===== GIVEN DATA =====

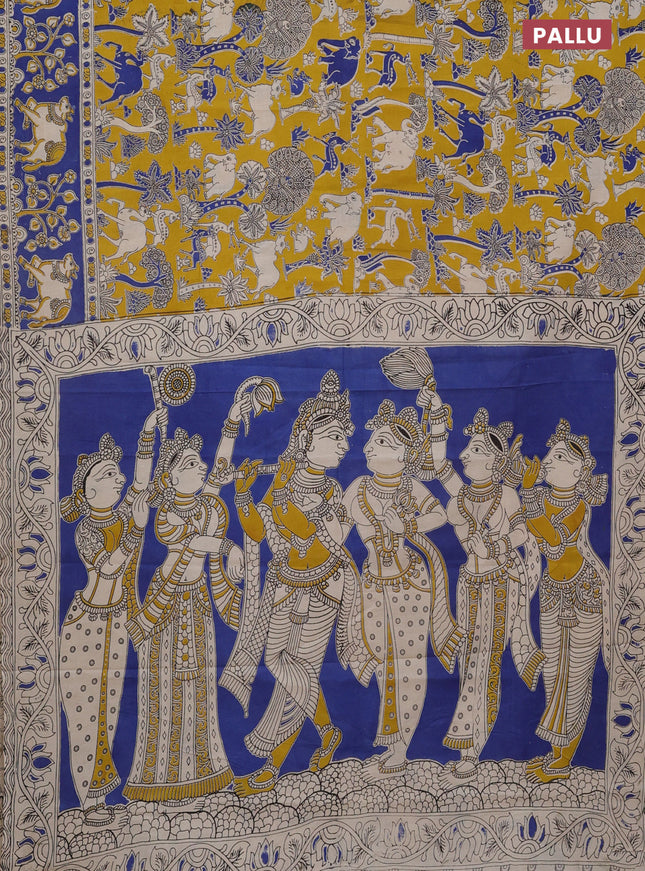 Kalamkari cotton saree mustard yellow and blue with allover prints and printed border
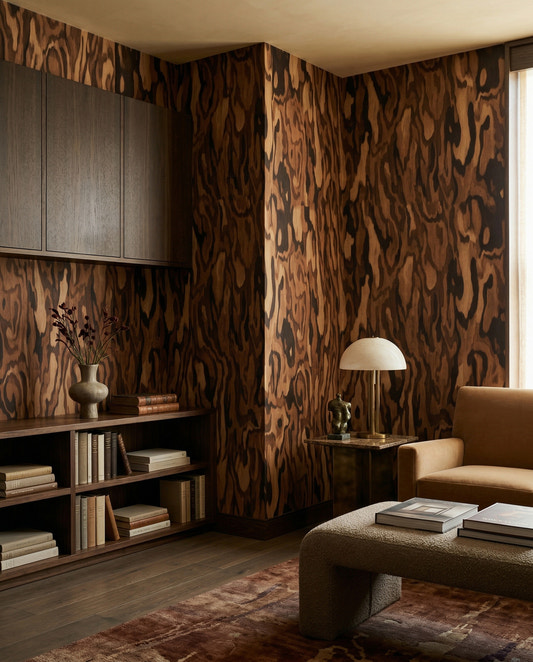 Warm brown burl grain of the Ettore Walnut wall mural settles a quiet Living room.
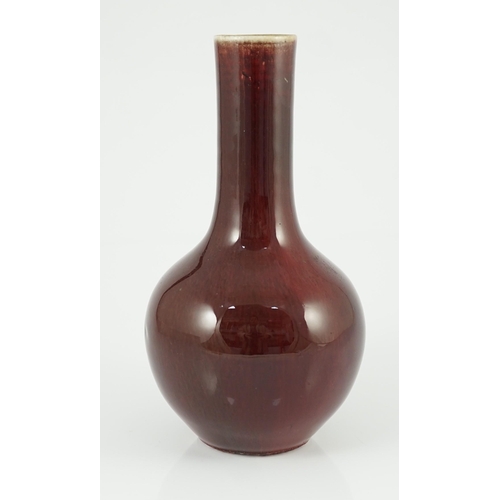 138 - A Chinese sang-de-boeuf glazed bottle vase, 18th/19th century, with mushroom glaze at the rim gradua... 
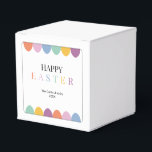 Personalisiert Happy Osterfarben Einfache Moderne Geschenkschachtel<br><div class="desc">Personalisiert Happy Oaster Colorful Simple Modern Favor Boxes bietet einen weißen Hintergrund mit einem spielerischen und farbenfrohen Design. Die Vorderseite zeigt einen modernen "EASTER"-Text in eleganten, lebhaften Farben, zusammen mit illustrierten Ostereiern. Eine dünne, abgerundete Ecke umrahmt das Design und fügt eine weiche und stilvolle Touch hinzu. Ideal für ein Ostereierjagd...</div>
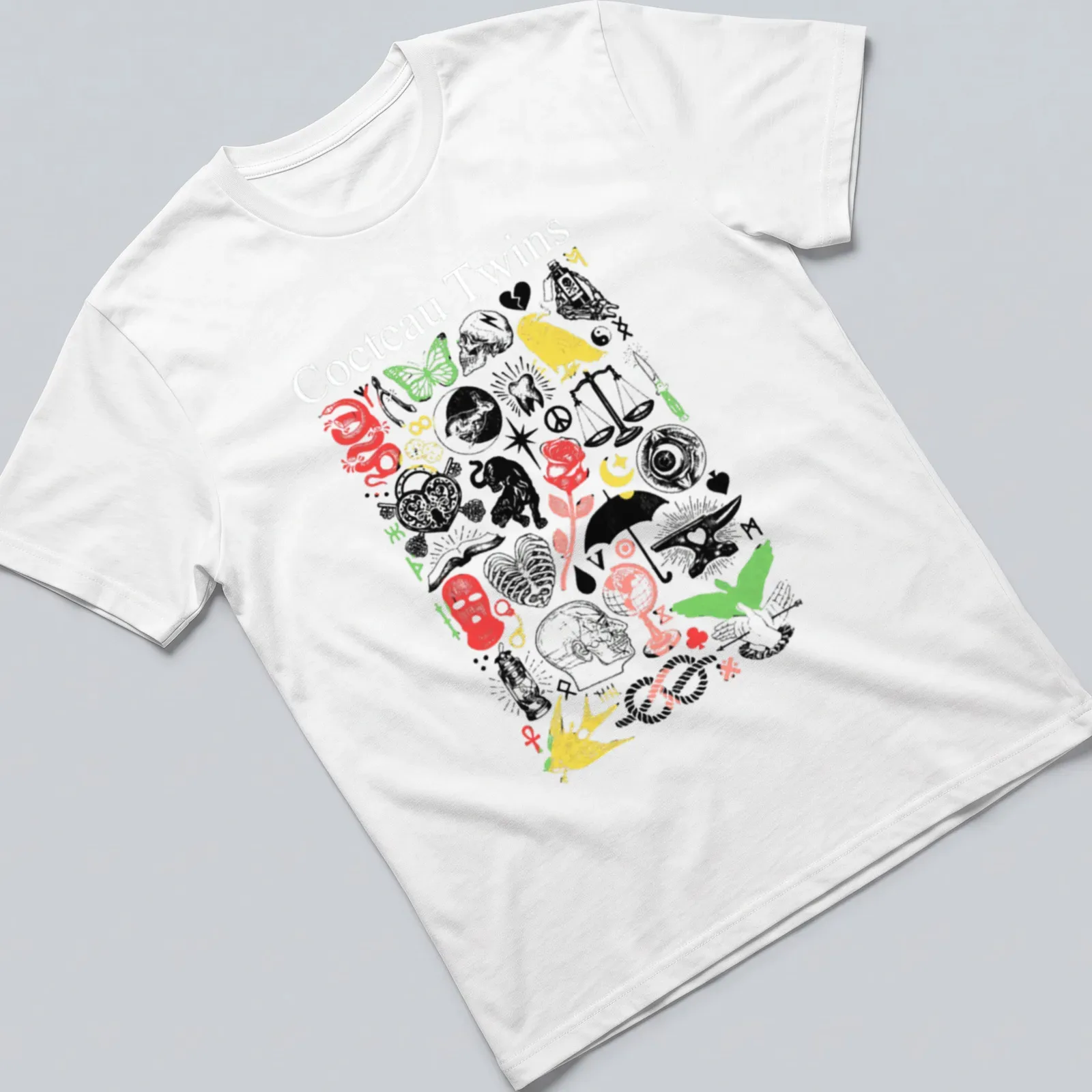 Vintage collage of Cocteau Twins text with skulls and butterflies in vibrant colors — printed on a unisex t-shirt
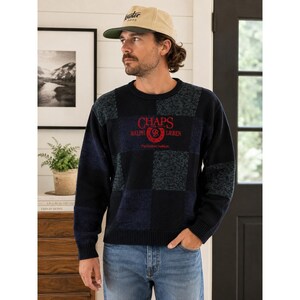 Könnte beinhalten: Ein langärmeliger Pullover mit Rundhalsausschnitt und einem dunkelblauen und schwarzen Karomuster. Auf der Brust befindet sich der rote Stickschriftzug CHAPS RALPH LAUREN mit einem kreisförmigen Logo und dem Text The Authentic Tradition.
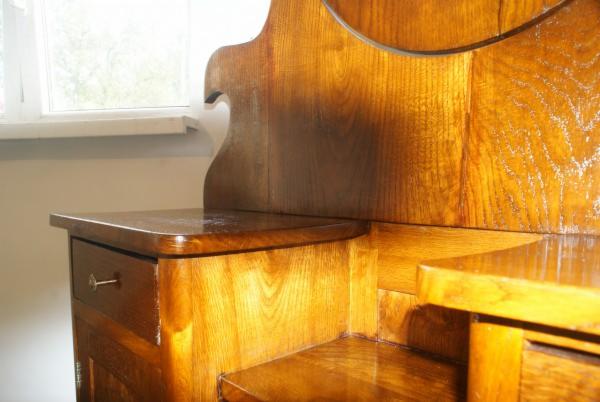 Błyszcząca, odnowiona toaletka z drewna w stylu art deco, z widocznym fragmentem okrągłego lustra i szufladą z metalowym uchwytem. Widoczna faktura drewna.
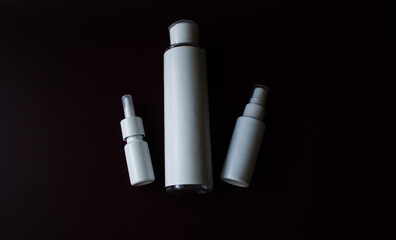 three white bottles on a dark background.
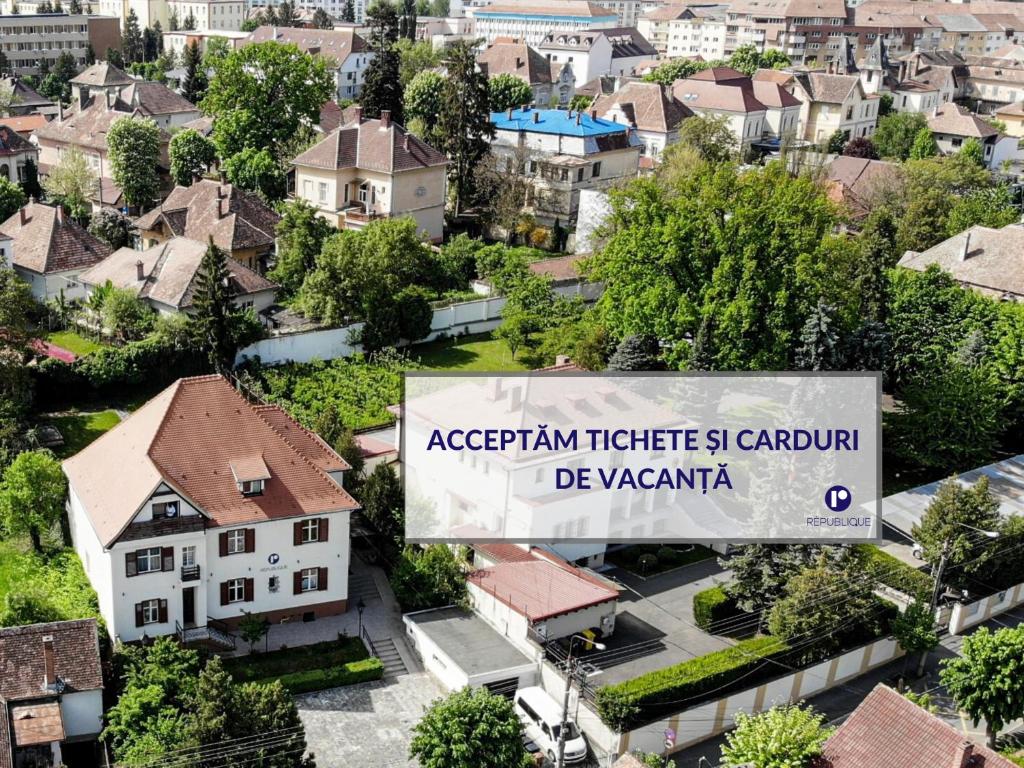 an overhead view of a city with a sign at Republique in Sibiu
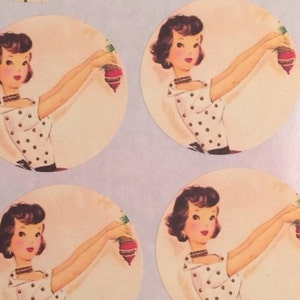 Op de afbeelding: Ronde stickers met een retro-illustratie van een vrouw in een witte polkadotjurk die een rode en groene ornament vasthoudt. De vrouw heeft donker haar en draagt een ketting. De stickers hebben een zacht, vintage kleurenpalet.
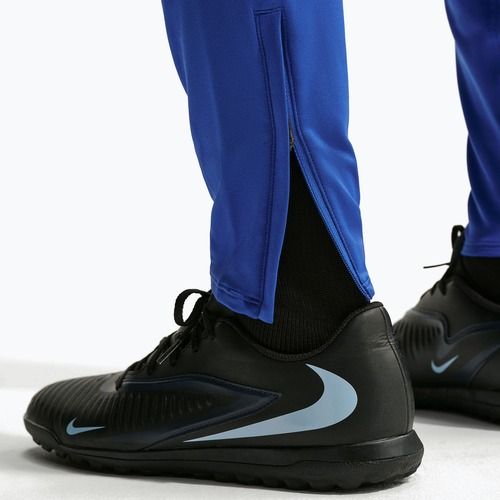 Spodnie piłkarskie męskie Nike FFF Strike game royal/metallic copper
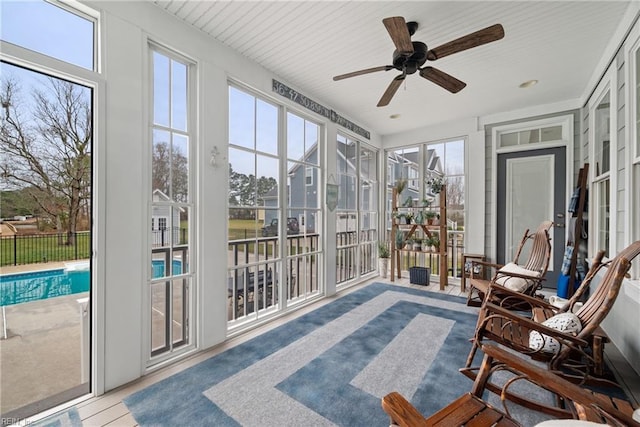 sunroom / solarium featuring ceiling fan and plenty of natural light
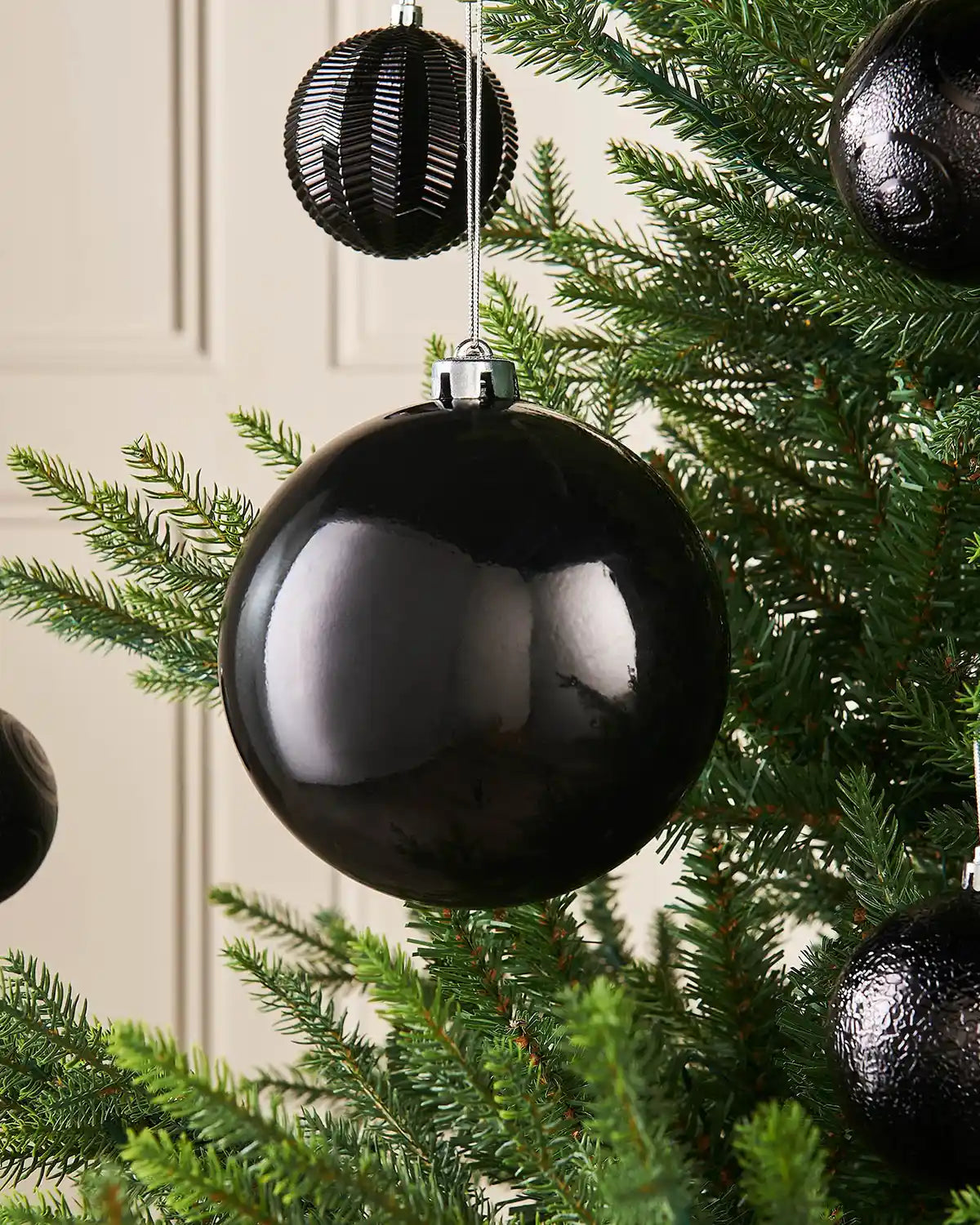 Gloss black oversized 15cm bauble on a Christmas tree branch with 4 smaller black baubles in background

=====

Return the lines above from the one with "Warm brown burl" through the one with "sunroom / solarium", verbatim and nothing else. Omit every picture.

 Warm brown burl grain of the Ettore Walnut wall mural settles a quiet Living room.
 138 - A Chinese sang-de-boeuf glazed bottle vase, 18th/19th century, with mushroom glaze at the rim gradua... 
 Personalisiert Happy Osterfarben Einfache Moderne Geschenkschachtel<br><div class="desc">Personalisiert Happy Oaster Colorful Simple Modern Favor Boxes bietet einen weißen Hintergrund mit einem spielerischen und farbenfrohen Design. Die Vorderseite zeigt einen modernen "EASTER"-Text in eleganten, lebhaften Farben, zusammen mit illustrierten Ostereiern. Eine dünne, abgerundete Ecke umrahmt das Design und fügt eine weiche und stilvolle Touch hinzu. Ideal für ein Ostereierjagd...</div>
 Vintage collage of Cocteau Twins text with skulls and butterflies in vibrant colors — printed on a unisex t-shirt
 Könnte beinhalten: Ein langärmeliger Pullover mit Rundhalsausschnitt und einem dunkelblauen und schwarzen Karomuster. Auf der Brust befindet sich der rote Stickschriftzug CHAPS RALPH LAUREN mit einem kreisförmigen Logo und dem Text The Authentic Tradition.
 Błyszcząca, odnowiona toaletka z drewna w stylu art deco, z widocznym fragmentem okrągłego lustra i szufladą z metalowym uchwytem. Widoczna faktura drewna.
 three white bottles on a dark background.
 an overhead view of a city with a sign at Republique in Sibiu
 Op de afbeelding: Ronde stickers met een retro-illustratie van een vrouw in een witte polkadotjurk die een rode en groene ornament vasthoudt. De vrouw heeft donker haar en draagt een ketting. De stickers hebben een zacht, vintage kleurenpalet.
 Spodnie piłkarskie męskie Nike FFF Strike game royal/metallic copper
 sunroom / solarium featuring ceiling fan and plenty of natural light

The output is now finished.